Fund emergency interpretation of A-share over expected adjustment: after the over fall, there may be a repair market, which can capture structural highlights

Following the "thrilling" performance of U.S. stocks overnight, the A-share market adjusted significantly on the 25th. The Shanghai index and Shenzhen Component Index fell below 3500 points and 14000 points respectively, and the gem index fell below 3000 points.

Is the adjustment coming to an end? Where will the future go? Has the investment logic of popular track changed? After the closing on the 25th, a number of fund companies intensively voiced that they were cautiously optimistic about the future market, and interpreted in detail the current market concerns.

multiple negative factor resonance

Why did the market fall more than expected? After hours, a number of fund companies urgently interpreted.

Huaxia Fund said that external risks were still the main reason for yesterday's market adjustment. Globally, investors' risk aversion has increased significantly. The short-term impact of the geopolitical crisis includes the prices of major assets such as Shenzhen Agricultural Products Group Co.Ltd(000061) , industrial metals, stocks and bonds, which also has a negative impact on the risk appetite of a shares.

China Europe Fund believes that there are three reasons for the decline on the 25th: first, due to the recent geopolitical tensions, the global capital markets have reacted violently; Second, since the beginning of the year, the hawks of the Federal Reserve have taken a tough stance, constantly emphasizing the inflation position and the expectation of raising interest rates, which greatly increases the possibility of raising interest rates many times during the year; Third, this week is the last trading week before the Spring Festival. Transactions in the A-share market often shrink before the festival. Under the background of the current market style shift and the position adjustment of institutional investors, the tightening of market funds is easy to amplify the potential volatility of the market.

In fact, the current round of decline has started since the end of last year. China Merchants Fund said that since mid December last year, with the gradual weakening of positive drive, the market has continued to adjust under the influence of many negative factors such as overseas liquidity impact. On the 25th, the market accelerated its downward exploration under the influence of overseas markets and fell back to the stage low.

Golden Eagle Fund said that the weak performance of the A-share market since the beginning of the year is a resonance reflection of multiple negative factors. On the one hand, it is the suppression of the expectation of peripheral monetary tightening. On the other hand, it is the position adjustment of institutional funds at the beginning of the year and the conservative market sentiment before the Spring Festival.

cautious optimism in the future

After the sharp fall, where will the market go? In this regard, a number of fund companies expressed cautious optimism.

Huaxia Fund said that although the market continues to weaken in the process of fluctuation, it is expected that the range and duration of this round of index adjustment are relatively limited. The probability is similar to the decline at the end of February 2021 and early March 2020, and the sustainability will not be particularly strong. It is expected that after the festival, with the repair of risk appetite, especially the effect of stable growth policy, the market still has the opportunity to rebound.

Dacheng Fund also said that the short-term market oversold, and the future market is expected to usher in repair opportunities.

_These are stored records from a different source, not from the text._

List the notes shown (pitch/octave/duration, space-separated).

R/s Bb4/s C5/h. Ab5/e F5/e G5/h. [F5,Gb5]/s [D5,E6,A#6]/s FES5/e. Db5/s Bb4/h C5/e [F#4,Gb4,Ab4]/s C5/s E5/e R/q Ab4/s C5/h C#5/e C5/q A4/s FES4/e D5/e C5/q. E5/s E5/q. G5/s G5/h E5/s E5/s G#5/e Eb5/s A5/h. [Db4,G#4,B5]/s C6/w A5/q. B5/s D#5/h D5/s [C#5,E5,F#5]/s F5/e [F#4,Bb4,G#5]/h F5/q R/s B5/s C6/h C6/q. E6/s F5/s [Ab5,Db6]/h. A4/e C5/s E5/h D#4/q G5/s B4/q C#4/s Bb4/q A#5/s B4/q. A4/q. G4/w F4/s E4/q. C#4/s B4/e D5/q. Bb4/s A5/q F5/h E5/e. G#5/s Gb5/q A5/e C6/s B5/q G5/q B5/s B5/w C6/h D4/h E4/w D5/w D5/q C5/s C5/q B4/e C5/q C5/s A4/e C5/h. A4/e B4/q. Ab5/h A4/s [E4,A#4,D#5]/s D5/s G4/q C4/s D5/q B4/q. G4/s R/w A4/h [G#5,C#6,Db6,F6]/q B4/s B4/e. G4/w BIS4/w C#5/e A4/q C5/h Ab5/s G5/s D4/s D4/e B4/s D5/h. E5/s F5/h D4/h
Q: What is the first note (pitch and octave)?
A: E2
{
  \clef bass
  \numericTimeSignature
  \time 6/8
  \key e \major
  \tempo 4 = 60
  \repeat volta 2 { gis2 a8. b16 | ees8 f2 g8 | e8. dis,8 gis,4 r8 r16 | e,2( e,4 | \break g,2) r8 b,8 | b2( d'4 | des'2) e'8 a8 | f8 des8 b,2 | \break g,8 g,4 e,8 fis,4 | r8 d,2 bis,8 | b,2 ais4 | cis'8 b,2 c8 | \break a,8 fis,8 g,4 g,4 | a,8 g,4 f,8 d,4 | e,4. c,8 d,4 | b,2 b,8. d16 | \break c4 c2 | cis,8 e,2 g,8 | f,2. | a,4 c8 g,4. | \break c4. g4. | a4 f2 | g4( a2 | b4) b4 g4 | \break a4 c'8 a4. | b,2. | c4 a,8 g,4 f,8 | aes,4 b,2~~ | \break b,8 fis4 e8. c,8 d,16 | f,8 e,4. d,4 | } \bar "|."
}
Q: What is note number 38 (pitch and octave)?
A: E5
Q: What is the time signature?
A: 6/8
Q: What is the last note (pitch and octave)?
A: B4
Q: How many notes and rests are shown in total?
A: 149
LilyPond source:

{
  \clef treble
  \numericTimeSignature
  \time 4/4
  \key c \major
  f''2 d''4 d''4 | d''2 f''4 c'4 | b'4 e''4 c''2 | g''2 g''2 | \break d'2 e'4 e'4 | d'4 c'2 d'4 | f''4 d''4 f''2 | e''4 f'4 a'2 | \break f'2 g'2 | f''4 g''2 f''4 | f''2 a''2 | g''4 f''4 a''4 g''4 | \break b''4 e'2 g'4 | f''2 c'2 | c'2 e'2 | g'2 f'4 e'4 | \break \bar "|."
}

China Merchants Fund analysis said that after the rapid decline, the post holiday market may be more optimistic. On the one hand, the positive factors will be gradually revised upward, the central bank will continue to actively "push forward", and investment in infrastructure and manufacturing is expected to accelerate. On the other hand, negative factors are expected to accelerate convergence. The expected impact of overseas liquidity will be gradually digested. On the whole, the current short-term risk appetite of investors has been at a low level, with limited downward space. The market may gradually recover after the Spring Festival.

"steady growth" is expected to become a structural bright spot

In the continuously declining market, the structural highlights were sensitively captured by fund companies.

Golden Eagle Fund said that before the Spring Festival, before the "steady growth" policy has not been fully implemented, the risk appetite of A-share funds is still inclined to defense. In the short term, it is more inclined to the main line of "stable growth" of undervalued Value Catalyzed by expected policies, namely bank real estate chain, new and old infrastructure chain and mass consumption.

Cinda Aoyin Fund believes that the market generally fell after the beginning of the year, but the steady growth sector performed prominently and the relative income was obvious. In the future, we can pay attention to three directions: first, the repair of oversold industries such as transportation, breeding and real estate chain; Second, carbon neutralization fields, such as green power, new energy, wind power, photovoltaic, etc; Third, counter cyclical sectors such as military industry, environmental protection and construction.

China Merchants Fund takes the main line of market value and steady growth as the main line of structure in 2022. It said that with the emergence of the main line of steady growth, the redistribution of profit structure and the repair of the middle and lower reaches will become an important clue for value promotion.

Huaxia Fund analysis said that under the steady growth policy, China's economy is expected to see improvement in the first quarter, and the power investment, new energy industry chain, real estate infrastructure industry chain and digital economy related to steady growth will still be relatively prosperous. After substantial adjustment, the allocation price ratio has increased significantly.